There, one afternoon on the outskirts of the town of
Kalat, we met political activist Prince Musa. Prince
Musa was planning to participate in what was called ‘The
Long March,’ a peaceful protest that would take
Baloch marchers from Gwadar to a final political rally
in Quetta. Prince Musa never completed this march. He
was arrested soon after it began and spent several months
in a Pakistani jail. He never was able to defend himself
in a trial. When he fell gravely ill in prison, his family
was able to lobby the right people to secure his release.
Prince Musa was one of the lucky ones. His son, Agha
Nauroz, the soft-spoken young man who escorted us around
Kalat the day we met his father, was shot dead on July
15, 2008, the day the Baloch observe as Balochistan Martyrs
Day.
Through the website my husband and I built following
our trip, I receive a steady drumbeat of news that reflects
what has been described by South Asia expert Selig Harrison
as a slow-motion genocide. This drumbeat is so relentless
that I can’t begin to fully document on the site
all those Baloch who are arrested, disappeared or killed.
When Balach Marri was reported killed somewhere in the
no man’s land between Afghanistan and Pakistan,
I started to scour the Baloch websites for news, as the
circumstances surrounding his death were unclear.
The first site I went to for an inside angle on the story
was balochvoice.com, a site that seemed to have its finger
on military actions in Balochistan. It had posted no
updates, however. There were no updates that day, or
the following day, or the day after that. In fact, after
Nov 20, this site remained inexplicably frozen in time.
On my daily visits, I started
to look at the site a little more closely. In addition
to news items, there was a section devoted to the art
of warfare, law and ethics. It included links to texts
and quotes by an incredible variety of thinkers: Che
Guevara, Leon Trotsky, Sun Tzu, Karl Marx, T.E. Lawrence,
Clausewitz, Einstein, Shakespeare, Lao-Tsu, Machiavelli,
St Thomas Aquinas, the African National Congress, and
George Patton. Clearly, this webmaster was thinking long
and hard about war, politics and ethics. There were also
photos of of Balochistan. Accompanying these photos was
the following text: “These pictures speak for
themselves…These
are the living conditions of a Baloch family -- a very
common sight throughout Balochistan. The Government is
doing nothing to bring them any relief from this suffering
and hardship.”
Finally,
I did what is called a ‘who is’ search
to find the owner of the website. Balach Marri. The site
was registered to Balach Marri. Address: London. Balach
had not even bothered to cloak his name. This young man
had given up what no doubt was a good life in London
to return to Balochistan to lead a campaign for the rights
of his people. The content of this website made it clear
that his motivations were not personal glory, but rather
the wellbeing of the Baloch people.
For some days I checked the site, hoping that perhaps
Balach had actually escaped this attack and that one
day the site would suddenly reflect his updates, Balach
having found a data signal on his laptop somewhere out
in the mountains, but this was not to be. Eventually
someone was able to resume managing the site, but Balach
and his musings, his posts, his recommended reading list--it
all came to a far too early and abrupt end.

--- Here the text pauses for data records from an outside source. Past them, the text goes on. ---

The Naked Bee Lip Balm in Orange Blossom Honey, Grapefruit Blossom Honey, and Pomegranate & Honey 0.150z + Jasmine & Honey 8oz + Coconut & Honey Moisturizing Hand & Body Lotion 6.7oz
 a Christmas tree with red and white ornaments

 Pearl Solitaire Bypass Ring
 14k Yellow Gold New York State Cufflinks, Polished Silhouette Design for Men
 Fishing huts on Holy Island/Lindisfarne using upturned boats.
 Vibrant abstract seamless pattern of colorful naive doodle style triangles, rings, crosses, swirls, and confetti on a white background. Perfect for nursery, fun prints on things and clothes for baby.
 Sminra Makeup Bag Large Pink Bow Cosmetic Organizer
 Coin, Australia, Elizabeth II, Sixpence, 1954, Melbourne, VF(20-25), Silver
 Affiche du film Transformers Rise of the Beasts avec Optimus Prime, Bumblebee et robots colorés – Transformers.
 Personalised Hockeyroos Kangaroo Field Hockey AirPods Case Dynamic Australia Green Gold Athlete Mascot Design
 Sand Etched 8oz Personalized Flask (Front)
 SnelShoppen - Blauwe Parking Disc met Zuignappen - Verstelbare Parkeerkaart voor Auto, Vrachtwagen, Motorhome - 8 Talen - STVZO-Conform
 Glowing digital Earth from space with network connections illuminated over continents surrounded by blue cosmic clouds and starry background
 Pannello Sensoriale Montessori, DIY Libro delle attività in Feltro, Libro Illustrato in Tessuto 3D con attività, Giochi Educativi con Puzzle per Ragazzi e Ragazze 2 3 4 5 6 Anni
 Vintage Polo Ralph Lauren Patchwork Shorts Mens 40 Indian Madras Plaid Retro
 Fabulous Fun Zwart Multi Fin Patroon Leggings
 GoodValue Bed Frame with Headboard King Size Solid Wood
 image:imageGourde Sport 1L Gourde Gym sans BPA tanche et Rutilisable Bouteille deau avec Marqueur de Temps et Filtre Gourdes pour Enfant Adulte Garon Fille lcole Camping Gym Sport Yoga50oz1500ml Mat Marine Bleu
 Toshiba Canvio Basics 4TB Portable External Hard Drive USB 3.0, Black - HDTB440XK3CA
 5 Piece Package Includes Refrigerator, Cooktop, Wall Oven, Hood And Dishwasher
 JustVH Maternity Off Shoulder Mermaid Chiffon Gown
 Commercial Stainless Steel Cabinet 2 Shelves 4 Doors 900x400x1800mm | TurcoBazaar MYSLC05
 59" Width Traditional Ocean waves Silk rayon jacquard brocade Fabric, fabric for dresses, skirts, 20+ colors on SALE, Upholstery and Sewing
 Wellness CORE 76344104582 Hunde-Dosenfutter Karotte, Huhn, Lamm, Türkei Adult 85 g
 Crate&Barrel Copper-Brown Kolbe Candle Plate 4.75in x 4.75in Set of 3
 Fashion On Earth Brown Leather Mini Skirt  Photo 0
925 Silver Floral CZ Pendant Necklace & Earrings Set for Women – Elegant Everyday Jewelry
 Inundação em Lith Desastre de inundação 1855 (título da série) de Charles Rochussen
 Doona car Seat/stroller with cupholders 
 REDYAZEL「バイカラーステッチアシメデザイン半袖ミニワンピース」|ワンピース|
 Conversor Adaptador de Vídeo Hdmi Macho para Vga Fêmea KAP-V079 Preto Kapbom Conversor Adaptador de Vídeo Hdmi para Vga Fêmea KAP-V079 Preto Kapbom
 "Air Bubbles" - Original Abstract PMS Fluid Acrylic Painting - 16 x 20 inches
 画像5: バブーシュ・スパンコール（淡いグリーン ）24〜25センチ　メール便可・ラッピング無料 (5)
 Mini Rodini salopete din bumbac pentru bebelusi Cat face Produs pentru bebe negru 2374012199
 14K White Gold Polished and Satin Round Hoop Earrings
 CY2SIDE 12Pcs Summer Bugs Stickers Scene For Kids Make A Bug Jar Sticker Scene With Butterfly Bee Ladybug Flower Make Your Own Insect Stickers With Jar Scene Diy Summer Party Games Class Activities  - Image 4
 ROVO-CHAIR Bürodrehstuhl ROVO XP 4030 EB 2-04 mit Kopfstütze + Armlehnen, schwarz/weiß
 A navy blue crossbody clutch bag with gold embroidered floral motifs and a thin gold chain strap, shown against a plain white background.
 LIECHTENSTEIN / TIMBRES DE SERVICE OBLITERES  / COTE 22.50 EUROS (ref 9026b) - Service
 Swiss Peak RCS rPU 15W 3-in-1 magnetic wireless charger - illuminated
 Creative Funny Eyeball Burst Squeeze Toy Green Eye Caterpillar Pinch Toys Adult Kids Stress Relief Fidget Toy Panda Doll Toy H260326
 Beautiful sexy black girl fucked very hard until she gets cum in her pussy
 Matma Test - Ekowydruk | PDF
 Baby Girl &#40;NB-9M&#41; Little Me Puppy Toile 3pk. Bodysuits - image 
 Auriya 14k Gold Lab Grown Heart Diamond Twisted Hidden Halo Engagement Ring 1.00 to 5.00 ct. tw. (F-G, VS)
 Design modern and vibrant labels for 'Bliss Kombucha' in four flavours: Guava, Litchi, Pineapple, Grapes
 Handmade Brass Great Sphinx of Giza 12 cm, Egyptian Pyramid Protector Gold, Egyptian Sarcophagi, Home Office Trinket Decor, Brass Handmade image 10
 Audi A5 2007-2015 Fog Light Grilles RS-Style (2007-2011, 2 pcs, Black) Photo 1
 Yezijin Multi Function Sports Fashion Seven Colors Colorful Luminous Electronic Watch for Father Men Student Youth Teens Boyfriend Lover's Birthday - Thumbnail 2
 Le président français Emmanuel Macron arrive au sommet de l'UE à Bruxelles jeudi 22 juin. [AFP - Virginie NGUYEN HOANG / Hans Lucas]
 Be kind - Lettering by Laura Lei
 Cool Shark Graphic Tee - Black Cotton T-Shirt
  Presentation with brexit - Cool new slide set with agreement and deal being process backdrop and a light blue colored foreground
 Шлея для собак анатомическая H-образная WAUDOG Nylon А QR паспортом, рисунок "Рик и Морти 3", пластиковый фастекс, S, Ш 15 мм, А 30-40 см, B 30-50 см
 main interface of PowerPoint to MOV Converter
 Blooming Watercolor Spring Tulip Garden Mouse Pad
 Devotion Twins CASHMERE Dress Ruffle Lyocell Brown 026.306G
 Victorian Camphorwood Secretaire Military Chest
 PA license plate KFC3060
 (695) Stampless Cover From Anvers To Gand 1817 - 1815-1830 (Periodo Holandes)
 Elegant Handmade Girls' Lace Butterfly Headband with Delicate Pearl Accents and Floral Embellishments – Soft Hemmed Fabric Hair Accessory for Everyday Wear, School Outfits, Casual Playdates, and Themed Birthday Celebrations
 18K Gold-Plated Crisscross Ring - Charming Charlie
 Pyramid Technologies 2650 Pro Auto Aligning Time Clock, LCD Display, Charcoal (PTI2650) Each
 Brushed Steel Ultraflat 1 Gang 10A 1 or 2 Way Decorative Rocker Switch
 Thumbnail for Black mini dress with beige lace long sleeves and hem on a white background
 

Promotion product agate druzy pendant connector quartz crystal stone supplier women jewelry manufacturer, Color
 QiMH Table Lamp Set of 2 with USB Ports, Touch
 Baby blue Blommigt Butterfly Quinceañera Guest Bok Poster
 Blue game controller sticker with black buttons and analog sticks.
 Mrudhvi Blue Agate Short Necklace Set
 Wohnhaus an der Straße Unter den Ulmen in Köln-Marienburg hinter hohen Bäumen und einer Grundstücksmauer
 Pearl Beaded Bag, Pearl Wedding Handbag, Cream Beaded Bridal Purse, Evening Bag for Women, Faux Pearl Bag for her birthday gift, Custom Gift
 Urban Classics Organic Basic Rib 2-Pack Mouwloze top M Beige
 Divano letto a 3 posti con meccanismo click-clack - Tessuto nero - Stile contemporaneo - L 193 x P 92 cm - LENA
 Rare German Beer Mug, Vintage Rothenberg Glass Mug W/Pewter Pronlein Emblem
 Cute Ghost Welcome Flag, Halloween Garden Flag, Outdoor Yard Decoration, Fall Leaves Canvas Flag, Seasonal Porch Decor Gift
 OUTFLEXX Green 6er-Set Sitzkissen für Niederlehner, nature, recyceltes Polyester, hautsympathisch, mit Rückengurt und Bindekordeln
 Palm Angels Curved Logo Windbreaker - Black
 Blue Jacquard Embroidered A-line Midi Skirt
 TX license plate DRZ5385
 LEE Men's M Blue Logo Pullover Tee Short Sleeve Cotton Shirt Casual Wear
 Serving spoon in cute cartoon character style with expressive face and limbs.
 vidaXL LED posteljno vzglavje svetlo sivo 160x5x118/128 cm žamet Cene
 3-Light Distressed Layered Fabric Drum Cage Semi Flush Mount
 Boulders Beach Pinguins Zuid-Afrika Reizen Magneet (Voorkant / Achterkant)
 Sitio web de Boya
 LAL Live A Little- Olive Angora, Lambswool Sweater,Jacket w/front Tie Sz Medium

While I never met Balach, I
did, however, correspond with another webmaster. When
we built thebaluch.com, I received a friend request on
Orkut from a young man named Imran. Imran’s first
email read: “I'm
really glad to know that you've recently visited my motherland
(Balochistan), and even launched a site www.thebaluch.com
Just wanted to say thanks for what you're doing to help
our people. You can find many other documentaries on
balochwarna.org and you're more then welcome to download
any of those documentaries. Meantime, if I can be of
any help, please do not hesitate to contact me.”
One day in late 2007 Imran’s emails stopped arriving.
At the time, many of us were keeping a low profile and
didn’t publish our real names, so I didn’t
know Imran’s friends. I wasn’t overly concerned—I
thought perhaps he had become busy with a job or travel.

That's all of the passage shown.